Task details
Up to and including the line with "Pine In The Flower Garden: Chapter 16", copy the records below exactly from their first line.

*** Record set ***

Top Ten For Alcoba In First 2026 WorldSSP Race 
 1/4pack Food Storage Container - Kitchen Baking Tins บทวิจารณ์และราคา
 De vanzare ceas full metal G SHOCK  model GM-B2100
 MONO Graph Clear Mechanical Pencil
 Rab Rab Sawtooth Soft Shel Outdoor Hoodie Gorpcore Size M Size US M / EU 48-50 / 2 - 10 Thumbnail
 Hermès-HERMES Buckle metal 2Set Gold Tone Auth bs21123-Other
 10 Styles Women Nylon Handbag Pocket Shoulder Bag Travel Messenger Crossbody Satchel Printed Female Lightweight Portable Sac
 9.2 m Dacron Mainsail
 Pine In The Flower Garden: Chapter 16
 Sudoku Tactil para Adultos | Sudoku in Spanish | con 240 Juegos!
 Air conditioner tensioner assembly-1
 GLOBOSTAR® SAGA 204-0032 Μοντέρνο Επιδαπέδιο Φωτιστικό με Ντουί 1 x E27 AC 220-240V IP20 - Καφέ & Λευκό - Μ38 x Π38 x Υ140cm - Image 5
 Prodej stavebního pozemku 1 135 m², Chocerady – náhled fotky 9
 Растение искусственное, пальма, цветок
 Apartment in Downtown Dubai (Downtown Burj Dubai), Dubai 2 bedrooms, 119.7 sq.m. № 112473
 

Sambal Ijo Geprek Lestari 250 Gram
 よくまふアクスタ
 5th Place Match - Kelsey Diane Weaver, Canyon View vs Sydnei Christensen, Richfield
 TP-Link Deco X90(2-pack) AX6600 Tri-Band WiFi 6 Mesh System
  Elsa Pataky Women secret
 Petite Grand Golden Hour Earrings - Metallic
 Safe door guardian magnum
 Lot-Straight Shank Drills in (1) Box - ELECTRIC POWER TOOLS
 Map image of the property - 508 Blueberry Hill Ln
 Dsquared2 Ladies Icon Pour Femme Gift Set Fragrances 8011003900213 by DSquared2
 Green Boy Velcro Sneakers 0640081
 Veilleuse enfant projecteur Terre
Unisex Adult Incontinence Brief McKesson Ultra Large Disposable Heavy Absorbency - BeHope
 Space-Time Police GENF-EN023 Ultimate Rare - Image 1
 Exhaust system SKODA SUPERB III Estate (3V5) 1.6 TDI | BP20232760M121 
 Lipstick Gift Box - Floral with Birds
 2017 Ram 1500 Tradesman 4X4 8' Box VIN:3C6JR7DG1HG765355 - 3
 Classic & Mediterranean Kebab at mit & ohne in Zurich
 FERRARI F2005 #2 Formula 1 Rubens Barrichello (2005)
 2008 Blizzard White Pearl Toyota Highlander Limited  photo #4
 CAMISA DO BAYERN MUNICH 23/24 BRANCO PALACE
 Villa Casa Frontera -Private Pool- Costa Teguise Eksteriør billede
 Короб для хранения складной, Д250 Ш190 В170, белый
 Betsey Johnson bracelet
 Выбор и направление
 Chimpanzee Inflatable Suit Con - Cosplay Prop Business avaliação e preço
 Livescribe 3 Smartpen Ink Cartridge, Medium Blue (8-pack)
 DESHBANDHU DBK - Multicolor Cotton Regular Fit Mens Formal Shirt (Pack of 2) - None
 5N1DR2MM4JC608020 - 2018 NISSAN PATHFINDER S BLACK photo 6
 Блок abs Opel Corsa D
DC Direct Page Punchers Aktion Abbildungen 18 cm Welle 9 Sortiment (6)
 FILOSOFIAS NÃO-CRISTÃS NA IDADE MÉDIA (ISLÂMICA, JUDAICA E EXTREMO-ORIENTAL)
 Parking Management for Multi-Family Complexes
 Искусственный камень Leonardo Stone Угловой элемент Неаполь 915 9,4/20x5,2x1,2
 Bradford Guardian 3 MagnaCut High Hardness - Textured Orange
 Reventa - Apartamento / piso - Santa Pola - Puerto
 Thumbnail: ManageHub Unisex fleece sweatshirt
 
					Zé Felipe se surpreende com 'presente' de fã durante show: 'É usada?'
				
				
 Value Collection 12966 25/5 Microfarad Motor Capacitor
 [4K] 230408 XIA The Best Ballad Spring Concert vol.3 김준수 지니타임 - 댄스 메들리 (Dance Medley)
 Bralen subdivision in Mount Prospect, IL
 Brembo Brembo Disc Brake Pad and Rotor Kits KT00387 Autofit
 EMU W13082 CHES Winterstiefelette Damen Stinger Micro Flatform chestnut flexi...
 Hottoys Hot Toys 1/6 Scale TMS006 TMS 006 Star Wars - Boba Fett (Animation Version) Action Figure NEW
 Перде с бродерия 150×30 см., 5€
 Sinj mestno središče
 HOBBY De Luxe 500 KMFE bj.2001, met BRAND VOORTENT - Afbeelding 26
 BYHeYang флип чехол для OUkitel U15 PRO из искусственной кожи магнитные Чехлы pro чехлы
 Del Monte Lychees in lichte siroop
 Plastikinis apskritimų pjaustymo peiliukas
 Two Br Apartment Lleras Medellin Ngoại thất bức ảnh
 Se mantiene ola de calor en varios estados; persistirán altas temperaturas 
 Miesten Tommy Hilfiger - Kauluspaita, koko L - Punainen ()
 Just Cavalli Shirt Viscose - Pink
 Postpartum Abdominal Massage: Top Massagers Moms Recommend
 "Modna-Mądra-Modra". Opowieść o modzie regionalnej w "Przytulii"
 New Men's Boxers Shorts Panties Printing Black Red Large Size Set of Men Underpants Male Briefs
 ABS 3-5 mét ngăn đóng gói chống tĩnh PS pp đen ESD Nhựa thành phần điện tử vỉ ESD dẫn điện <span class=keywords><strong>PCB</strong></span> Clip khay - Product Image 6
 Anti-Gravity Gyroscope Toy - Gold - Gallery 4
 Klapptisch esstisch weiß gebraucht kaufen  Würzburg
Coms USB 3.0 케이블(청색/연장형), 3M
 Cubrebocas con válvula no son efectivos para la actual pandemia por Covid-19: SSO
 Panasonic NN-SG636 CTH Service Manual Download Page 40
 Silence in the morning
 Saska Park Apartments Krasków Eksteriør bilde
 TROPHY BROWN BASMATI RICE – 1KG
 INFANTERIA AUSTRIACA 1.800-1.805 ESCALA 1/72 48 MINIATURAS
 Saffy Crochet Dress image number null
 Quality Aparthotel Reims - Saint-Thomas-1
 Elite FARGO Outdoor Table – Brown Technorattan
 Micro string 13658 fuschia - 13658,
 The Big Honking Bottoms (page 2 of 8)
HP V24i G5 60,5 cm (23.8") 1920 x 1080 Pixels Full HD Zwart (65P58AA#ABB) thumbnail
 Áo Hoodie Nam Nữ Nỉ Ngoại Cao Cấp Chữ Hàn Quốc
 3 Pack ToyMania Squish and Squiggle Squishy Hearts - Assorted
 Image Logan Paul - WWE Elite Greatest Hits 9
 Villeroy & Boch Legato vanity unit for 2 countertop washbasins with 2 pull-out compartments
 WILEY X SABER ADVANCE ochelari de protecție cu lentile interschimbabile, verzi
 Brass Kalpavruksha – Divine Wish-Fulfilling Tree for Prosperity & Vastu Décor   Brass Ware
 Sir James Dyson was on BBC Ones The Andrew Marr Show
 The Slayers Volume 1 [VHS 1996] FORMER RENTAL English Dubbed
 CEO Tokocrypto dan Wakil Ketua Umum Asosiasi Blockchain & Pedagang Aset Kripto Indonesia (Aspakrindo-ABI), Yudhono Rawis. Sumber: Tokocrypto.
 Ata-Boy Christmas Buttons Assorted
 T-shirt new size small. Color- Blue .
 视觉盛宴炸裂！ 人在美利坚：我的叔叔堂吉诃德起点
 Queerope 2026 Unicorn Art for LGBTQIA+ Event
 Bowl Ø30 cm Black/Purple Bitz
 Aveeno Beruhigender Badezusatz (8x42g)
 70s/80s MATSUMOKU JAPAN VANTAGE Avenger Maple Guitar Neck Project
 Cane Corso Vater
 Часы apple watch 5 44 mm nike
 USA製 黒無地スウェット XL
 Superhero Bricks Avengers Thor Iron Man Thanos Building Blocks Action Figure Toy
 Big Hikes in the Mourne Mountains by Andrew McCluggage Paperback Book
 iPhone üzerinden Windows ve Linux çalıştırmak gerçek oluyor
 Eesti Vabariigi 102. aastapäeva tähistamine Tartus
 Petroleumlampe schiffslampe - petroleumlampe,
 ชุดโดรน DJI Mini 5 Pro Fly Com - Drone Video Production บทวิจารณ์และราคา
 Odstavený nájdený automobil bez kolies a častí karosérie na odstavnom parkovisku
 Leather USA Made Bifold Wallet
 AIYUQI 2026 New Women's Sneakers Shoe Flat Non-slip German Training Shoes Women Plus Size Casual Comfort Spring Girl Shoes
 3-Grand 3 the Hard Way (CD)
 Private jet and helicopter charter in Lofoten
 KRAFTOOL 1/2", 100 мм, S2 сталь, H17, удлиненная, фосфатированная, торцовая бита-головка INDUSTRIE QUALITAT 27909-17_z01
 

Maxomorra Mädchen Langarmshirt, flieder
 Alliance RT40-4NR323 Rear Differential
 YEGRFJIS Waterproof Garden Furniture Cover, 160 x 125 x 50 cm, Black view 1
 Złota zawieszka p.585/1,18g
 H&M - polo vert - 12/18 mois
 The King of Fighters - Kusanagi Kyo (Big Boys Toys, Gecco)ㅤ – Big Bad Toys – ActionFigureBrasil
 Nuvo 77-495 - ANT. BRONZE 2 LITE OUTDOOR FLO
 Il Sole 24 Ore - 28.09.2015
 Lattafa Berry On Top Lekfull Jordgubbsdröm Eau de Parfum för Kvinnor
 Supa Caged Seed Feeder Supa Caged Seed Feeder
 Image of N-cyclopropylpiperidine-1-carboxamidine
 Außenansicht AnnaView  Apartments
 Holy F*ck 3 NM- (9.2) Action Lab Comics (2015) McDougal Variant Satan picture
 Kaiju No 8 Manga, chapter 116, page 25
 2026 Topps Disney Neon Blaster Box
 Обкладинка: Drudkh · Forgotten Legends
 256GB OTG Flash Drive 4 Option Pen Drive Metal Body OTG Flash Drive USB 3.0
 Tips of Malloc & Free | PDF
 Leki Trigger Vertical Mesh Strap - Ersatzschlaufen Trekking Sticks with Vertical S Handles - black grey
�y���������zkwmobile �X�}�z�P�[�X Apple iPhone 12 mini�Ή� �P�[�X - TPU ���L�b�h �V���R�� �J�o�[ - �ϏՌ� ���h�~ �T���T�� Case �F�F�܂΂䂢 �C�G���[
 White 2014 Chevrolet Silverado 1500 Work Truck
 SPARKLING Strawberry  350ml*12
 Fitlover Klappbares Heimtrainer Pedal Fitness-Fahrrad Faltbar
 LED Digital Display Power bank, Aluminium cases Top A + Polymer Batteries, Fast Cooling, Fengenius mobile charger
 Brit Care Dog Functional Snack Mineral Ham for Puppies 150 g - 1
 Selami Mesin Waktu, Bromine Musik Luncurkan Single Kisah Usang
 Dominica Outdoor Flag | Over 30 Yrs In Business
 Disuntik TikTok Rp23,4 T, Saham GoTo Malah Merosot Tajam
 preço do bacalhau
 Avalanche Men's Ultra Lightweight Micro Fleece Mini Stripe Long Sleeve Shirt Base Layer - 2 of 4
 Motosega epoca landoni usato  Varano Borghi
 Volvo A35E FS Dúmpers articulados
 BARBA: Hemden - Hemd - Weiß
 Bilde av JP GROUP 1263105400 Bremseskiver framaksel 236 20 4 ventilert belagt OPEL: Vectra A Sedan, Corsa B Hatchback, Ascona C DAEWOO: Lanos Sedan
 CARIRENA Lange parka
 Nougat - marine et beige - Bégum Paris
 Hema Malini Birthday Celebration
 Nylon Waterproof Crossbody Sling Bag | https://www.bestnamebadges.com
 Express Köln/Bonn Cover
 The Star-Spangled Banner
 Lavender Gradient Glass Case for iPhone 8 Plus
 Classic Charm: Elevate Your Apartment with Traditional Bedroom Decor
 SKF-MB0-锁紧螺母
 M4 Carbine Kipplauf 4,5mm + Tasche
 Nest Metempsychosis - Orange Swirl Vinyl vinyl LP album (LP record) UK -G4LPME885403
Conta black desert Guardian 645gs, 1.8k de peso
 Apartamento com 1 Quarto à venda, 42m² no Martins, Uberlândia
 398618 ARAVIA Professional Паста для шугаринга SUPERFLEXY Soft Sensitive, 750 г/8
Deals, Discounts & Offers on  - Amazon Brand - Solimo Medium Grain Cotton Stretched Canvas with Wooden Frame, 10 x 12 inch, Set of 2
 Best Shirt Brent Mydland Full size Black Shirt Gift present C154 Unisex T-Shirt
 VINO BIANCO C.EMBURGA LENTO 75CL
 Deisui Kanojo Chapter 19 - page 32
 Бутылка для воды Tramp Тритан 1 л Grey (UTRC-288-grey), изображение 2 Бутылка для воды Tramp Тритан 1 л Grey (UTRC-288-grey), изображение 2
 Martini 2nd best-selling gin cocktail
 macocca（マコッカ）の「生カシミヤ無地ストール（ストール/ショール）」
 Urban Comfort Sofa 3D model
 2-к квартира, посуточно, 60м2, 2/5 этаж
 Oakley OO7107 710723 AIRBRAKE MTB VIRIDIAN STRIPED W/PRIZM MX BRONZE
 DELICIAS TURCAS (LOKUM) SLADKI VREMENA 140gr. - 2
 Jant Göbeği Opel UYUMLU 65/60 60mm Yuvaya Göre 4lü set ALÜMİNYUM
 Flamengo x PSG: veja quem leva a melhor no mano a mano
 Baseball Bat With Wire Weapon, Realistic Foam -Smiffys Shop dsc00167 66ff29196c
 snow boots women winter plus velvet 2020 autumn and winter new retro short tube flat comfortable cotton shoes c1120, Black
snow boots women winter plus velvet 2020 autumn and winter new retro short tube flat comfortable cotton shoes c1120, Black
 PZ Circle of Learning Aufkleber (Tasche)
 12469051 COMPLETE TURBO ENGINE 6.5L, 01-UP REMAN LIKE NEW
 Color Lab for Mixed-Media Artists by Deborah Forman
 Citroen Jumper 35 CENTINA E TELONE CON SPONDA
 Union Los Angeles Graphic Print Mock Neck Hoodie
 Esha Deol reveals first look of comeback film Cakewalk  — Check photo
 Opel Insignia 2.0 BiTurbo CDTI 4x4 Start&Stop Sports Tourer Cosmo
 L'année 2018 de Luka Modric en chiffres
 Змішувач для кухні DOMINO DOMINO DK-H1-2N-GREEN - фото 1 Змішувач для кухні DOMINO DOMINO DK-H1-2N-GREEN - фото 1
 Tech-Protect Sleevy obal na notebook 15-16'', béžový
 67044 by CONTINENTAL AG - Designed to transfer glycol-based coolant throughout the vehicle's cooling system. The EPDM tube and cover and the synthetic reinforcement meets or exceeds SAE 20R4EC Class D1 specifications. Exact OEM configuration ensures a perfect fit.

*** End of Record set ***

Answer for the task
Top Ten For Alcoba In First 2026 WorldSSP Race 
 1/4pack Food Storage Container - Kitchen Baking Tins บทวิจารณ์และราคา
 De vanzare ceas full metal G SHOCK  model GM-B2100
 MONO Graph Clear Mechanical Pencil
 Rab Rab Sawtooth Soft Shel Outdoor Hoodie Gorpcore Size M Size US M / EU 48-50 / 2 - 10 Thumbnail
 Hermès-HERMES Buckle metal 2Set Gold Tone Auth bs21123-Other
 10 Styles Women Nylon Handbag Pocket Shoulder Bag Travel Messenger Crossbody Satchel Printed Female Lightweight Portable Sac
 9.2 m Dacron Mainsail
 Pine In The Flower Garden: Chapter 16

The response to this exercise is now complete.